Что мне осталось делать? Редко когда я встречал в одной и той же речи такое оригинальное сочетание страстной мольбы с неподдельным комизмом, и, уж не могу сказать теперь хорошенько, эта ли именно оригинальность, или же все больше возраставшее в моей душе чувство приязни к Толстопяткину заставили меня уступить его настойчивой просьбе.

— Так вот что мы сделаем, — сказал я, окончательно решившись следовать за ним: — прикупим где-нибудь по дороге хорошей закуски. Что больше любит ваша приятельница?

Надо было самому видеть тот детский восторг, в какой пришел от этих слов наивный Иван Петрович, чтобы никогда уже не раскаиваться впоследствии в моем решении.

— Да на каком же морском дне, жемчужина вы этакая, пропадали вы до сей, достопамятной в моей жизни, эпохи? — воскликнул он, порывисто растопырив руки и как-то забавно подпрыгнув, не то от этого восторга, не то от мороза. — Барышня Аннушка-то что любит? Ей, душенька, все в корм; уже одна ветчинка или икорка может привести ее в некое сладостное умопомрачение. Форменно!

Мы наконец двинулись в путь. Но по мере того, как попадавшиеся нам на глаза овощные лавки и колбасные оказывались все уже закрытыми, выразительное лицо Толстопяткина начинало все больше и больше вытягиваться в прежнюю плаксивую гримасу, до того забавную, что в душе я просто помирал со смеху. Кончилось тем, что нам пришлось взять извозчика и ехать в Милютины ряды. Когда я вышел из лавки Вьюшина с корзинкой в руке и объявил поджидавшему меня в санях Ивану Петровичу, что в нашем распоряжении имеются, кроме сюрпризной бутылки портвейну, еще ветчина, колбаса, икра и коробка сардинок, — мой художник едва не выскочил из саней; право, можно было опасаться, что от умиления он примется обнимать тут же и меня, и извозчика.

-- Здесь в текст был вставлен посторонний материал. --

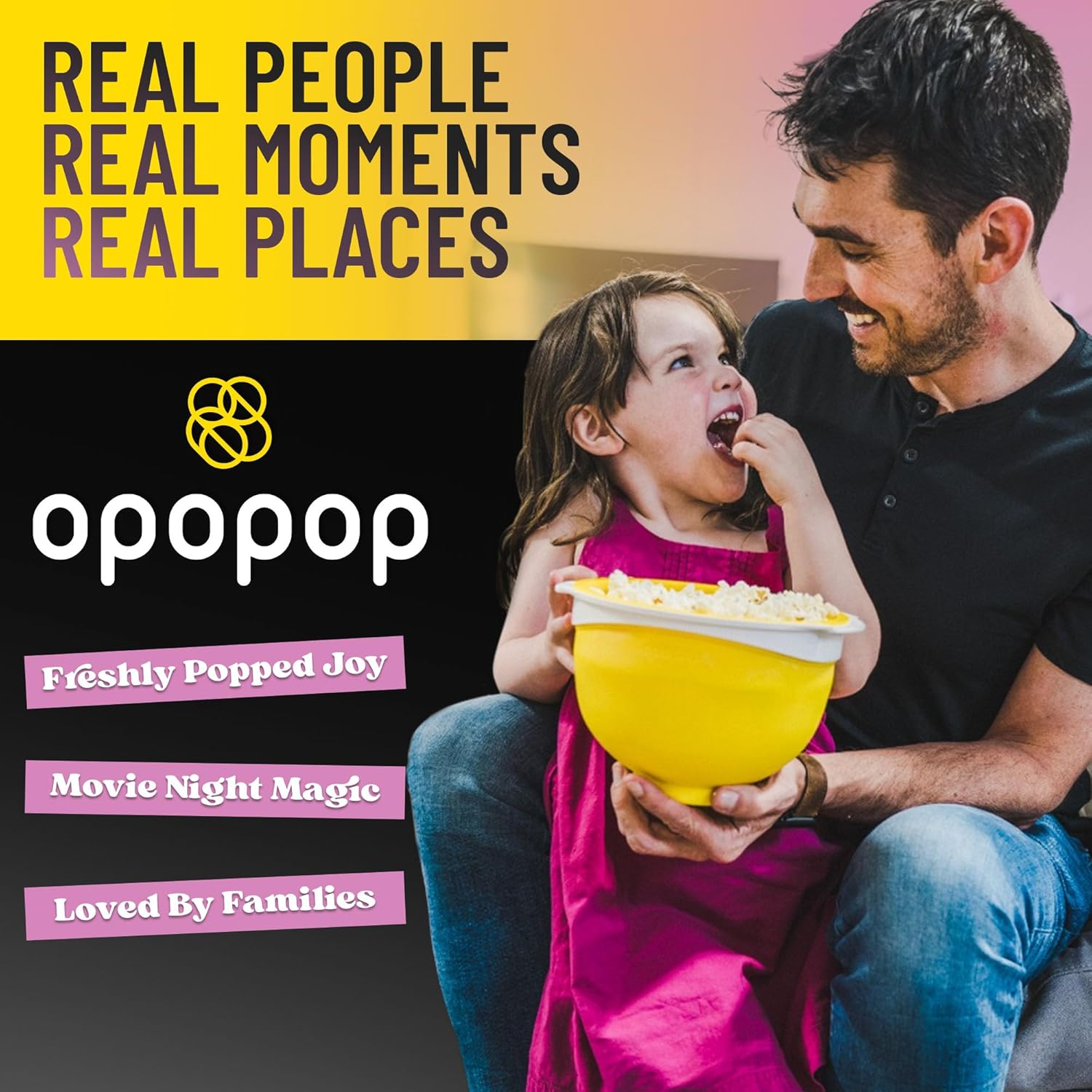 Opopop Microwave Popcorn - Pop Cups Lightly Salted 6-Pack, Non-GMO Gourmet Popcorn Kernels & Popcorn Flavoring, Gluten Free Snacks, Easy to Make and No Mess - Image 6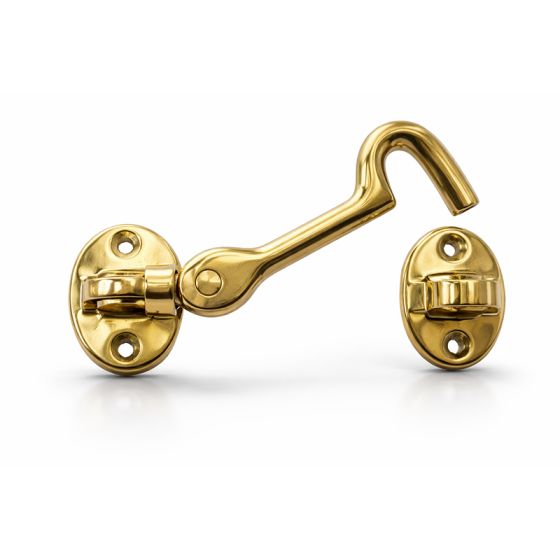 Crochet à double articulation en laiton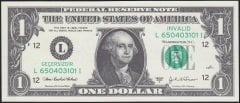 Amerika 1 Dolar Geçersiz Sahte Fantazi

— Потемкин великолепнейший!.. Да ведь этак нас с вами сами ангелы, на собственных крыльях, внесут в резиденцию барышни Аннушки!.. Великодушнейший! ведь после этого я могу и две недели попирать своими недостойными ногами ее божественные чертоги!.. — восклицал, захлебываясь, Толстопяткин чуть не на весь Невский.

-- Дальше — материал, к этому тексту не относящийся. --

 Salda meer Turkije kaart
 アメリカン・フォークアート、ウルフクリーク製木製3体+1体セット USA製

Но морозный ветер, дувший теперь нам прямо в лицо, заставил вскоре впечатлительного художника успокоиться поневоле: он до того прозяб, что у него, как говорится, зуб на зуб не попадал.

— Скажите, Иван Петрович, — спросил я дорогой, больше для его ободрения:- почему это вы зовете вашу приятельницу «барышней Аннушкой»?

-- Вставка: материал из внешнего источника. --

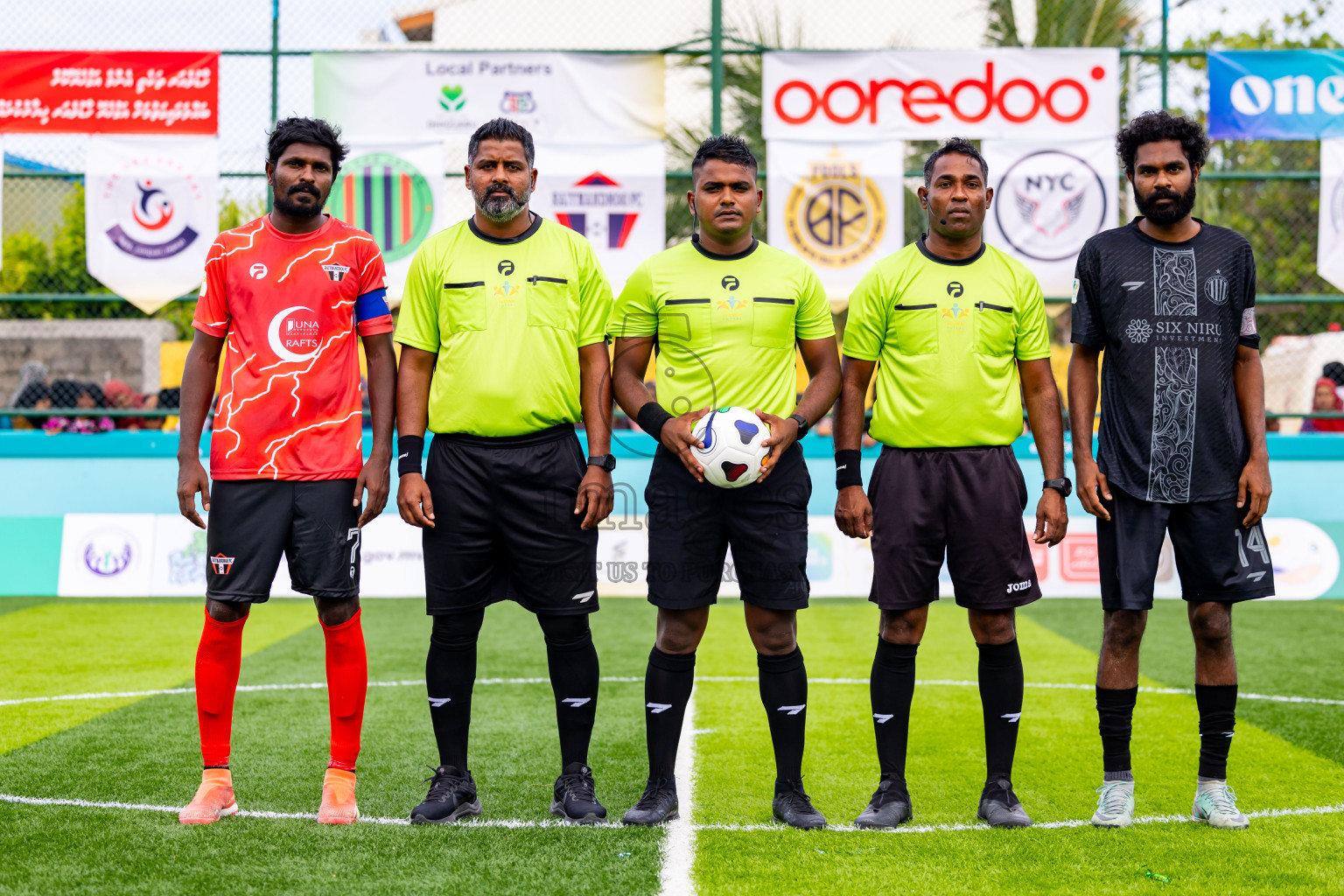 Raiymandhoo FC vs Dee Cee Jay SC in Day 1 of Laamehi Dhiggaru Ekuveri Futsal Challenge 2024 was held on Friday, 26th July 2024, at Dhiggaru Futsal Ground, Dhiggaru, Maldives Photos: Nausham Waheed / images.mv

— Да у меня уж такой обычай — крестить все и всех на свой лад, — отозвался он с заметной дрожью в голосе. — По происхождению она, видите, дочь чиновника — значит, по-моему, барышня; ну, а по всем прочим статьям сия особа ничем не отличается от любой деревенской бабищи и выходит просто — Аннушка. Так вот мне и подумалось соединить в ее прозвище приятное с полезным. Кроме того…

Толстопяткин, очевидно, хотел еще что-то добавить к этой остроумной характеристике, но в ту минуту мы уже подъехали к воротам указанного им дома. Калитка благополучно впустила нас, оказавшись не запертой и без дворника. Мы стали взбираться по черной лестнице в самый верх. Остановись здесь и нащупывая рукою дверь и звонок, Иван Петрович таинственно предупредил меня:

— Если я по-сочинительски врать буду, не препятствуйте мне, а только громче поддакивайте, что все, мол, святая истина: для легчайшего проникновения в оную резиденцию, это уж так но церемониалу полагается…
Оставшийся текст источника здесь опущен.